Only the lines from the one containing "Gallery image thumbnail" to the end of the records belong in the answer; repeat them exactly and drop the pictures.

Data under study:
================================

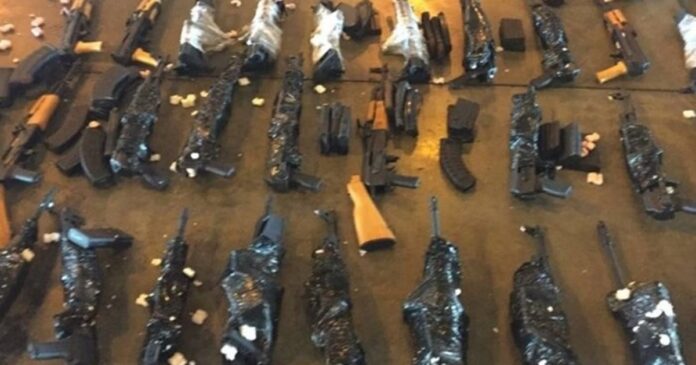 policial-federal-e-suspeito-de-liderar-esquema-de-armas-para-o-cv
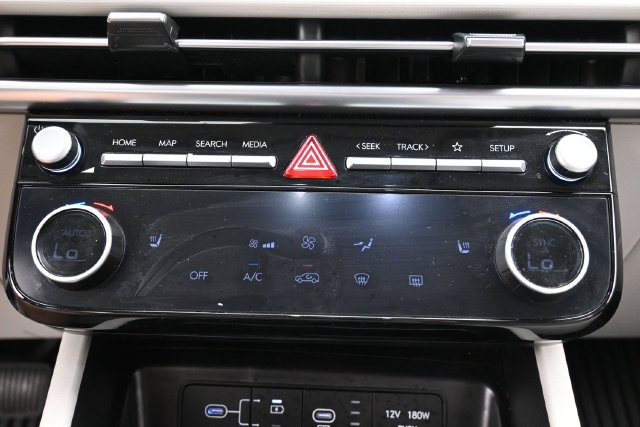 Used 2025 Hyundai Tucson SEL FWD image 21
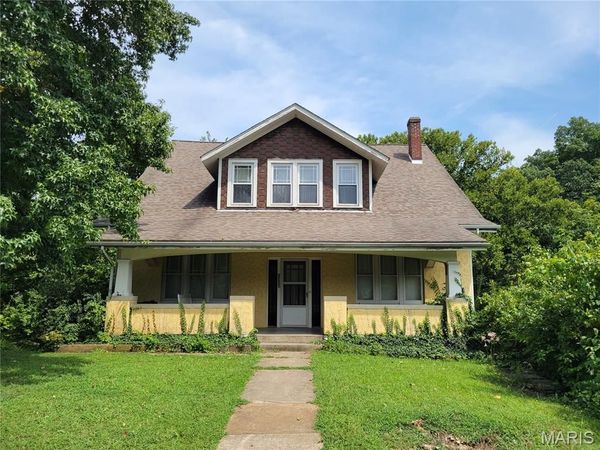 1320 Mill Street , Maeystown, IL 62256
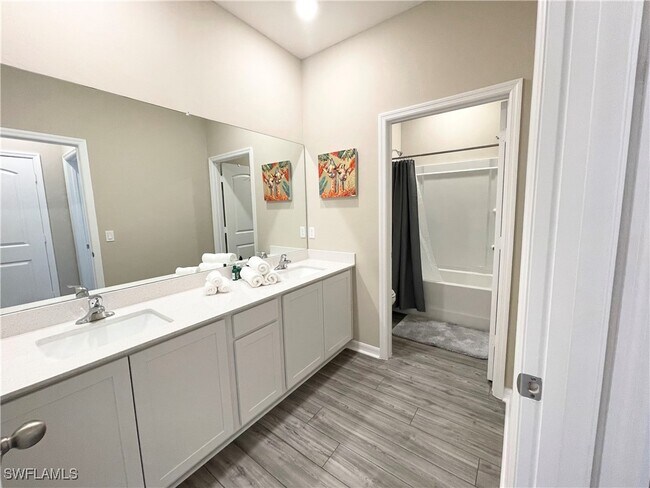 Foto del edificio - 212 SW 21st St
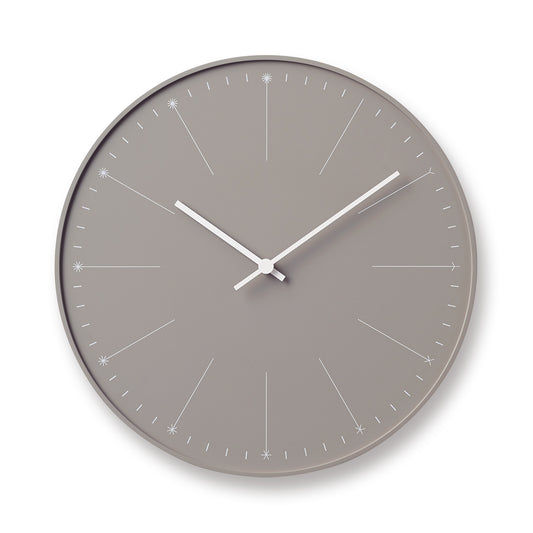Beige Wanduhr mit grauem Zifferblatt und schlichten silbernen Zeigern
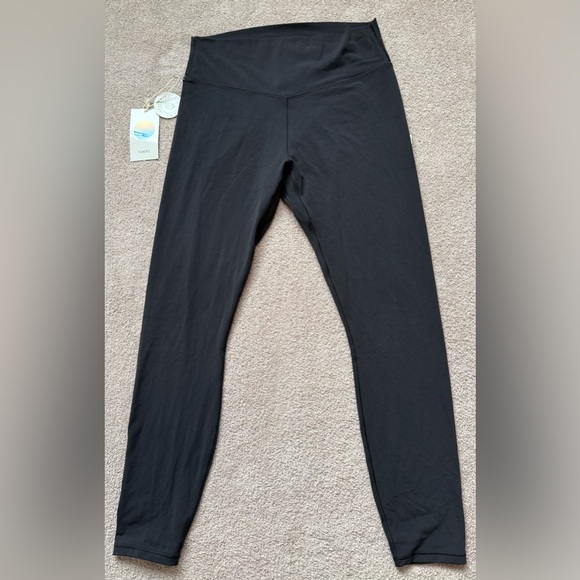 NEW - Vuori - AllTheForm Legging - BLACK - Picture 7 of 11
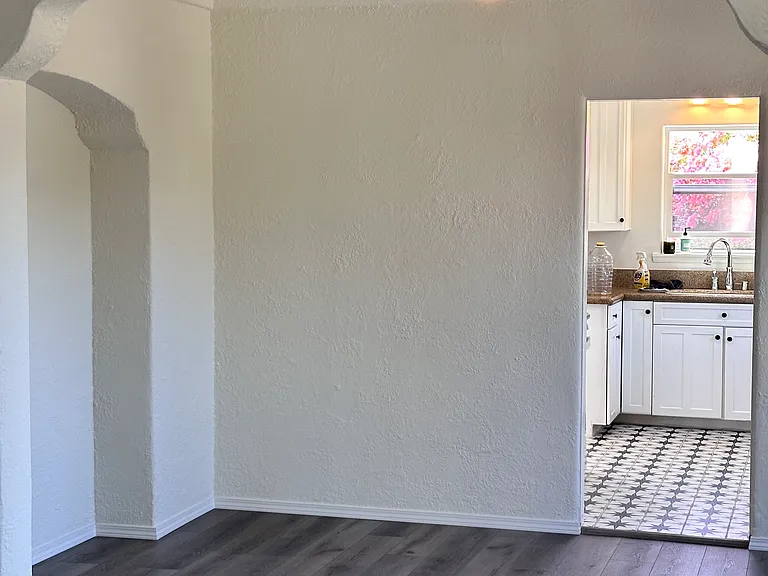 279 Bennett Ave — Photo 3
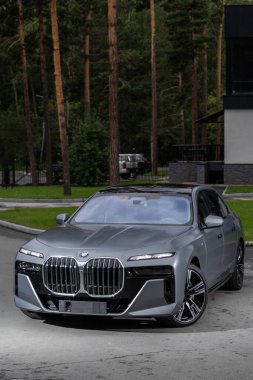 Novosibirsk, Rusya - 29 Ağustos 2023: BMW 7 Serisi, 740i, bir ormanın önü. Başka araba ve insan yok..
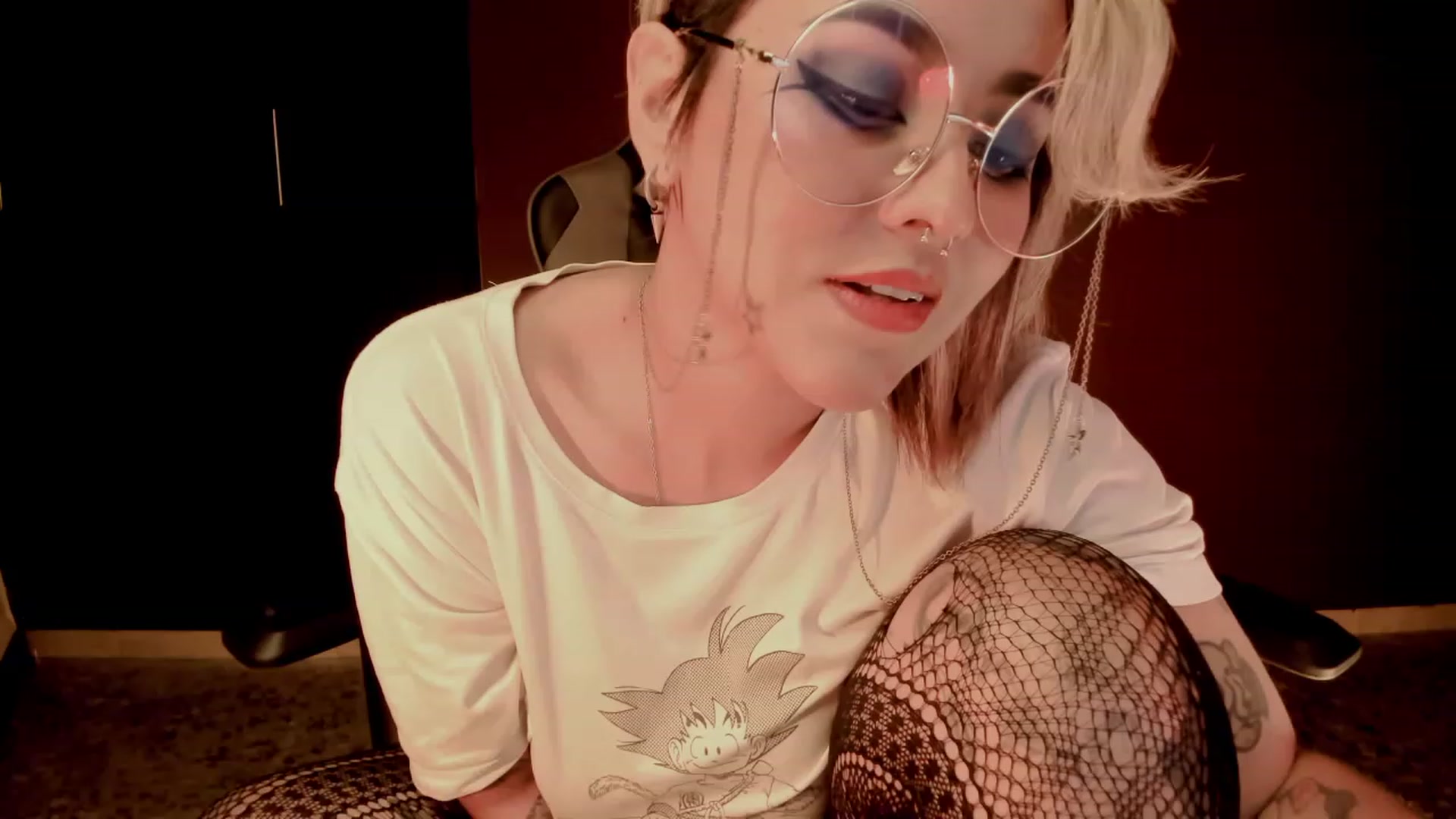 Gallery image thumbnail from AbraxxysRadio's myfreecams stream on, 02/13/2024, 24:18 image 16 of 20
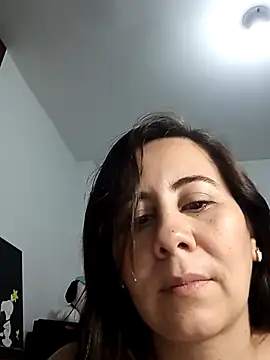 Snapshot of Sophie_Tyler chatting on April 28, 2026, 1:48 am Sophie Tyler online show from April 28, 2026, 1:48 am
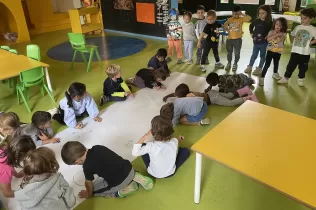 Alumnes de MOPI I4 pintant col·laborativament un quadre inspirats en l'obra "Joc de Nens" de Pieter Brueghel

================================

Exercise result:
 Gallery image thumbnail from AbraxxysRadio's myfreecams stream on, 02/13/2024, 24:18 image 16 of 20
 Snapshot of Sophie_Tyler chatting on April 28, 2026, 1:48 am Sophie Tyler online show from April 28, 2026, 1:48 am
 Alumnes de MOPI I4 pintant col·laborativament un quadre inspirats en l'obra "Joc de Nens" de Pieter Brueghel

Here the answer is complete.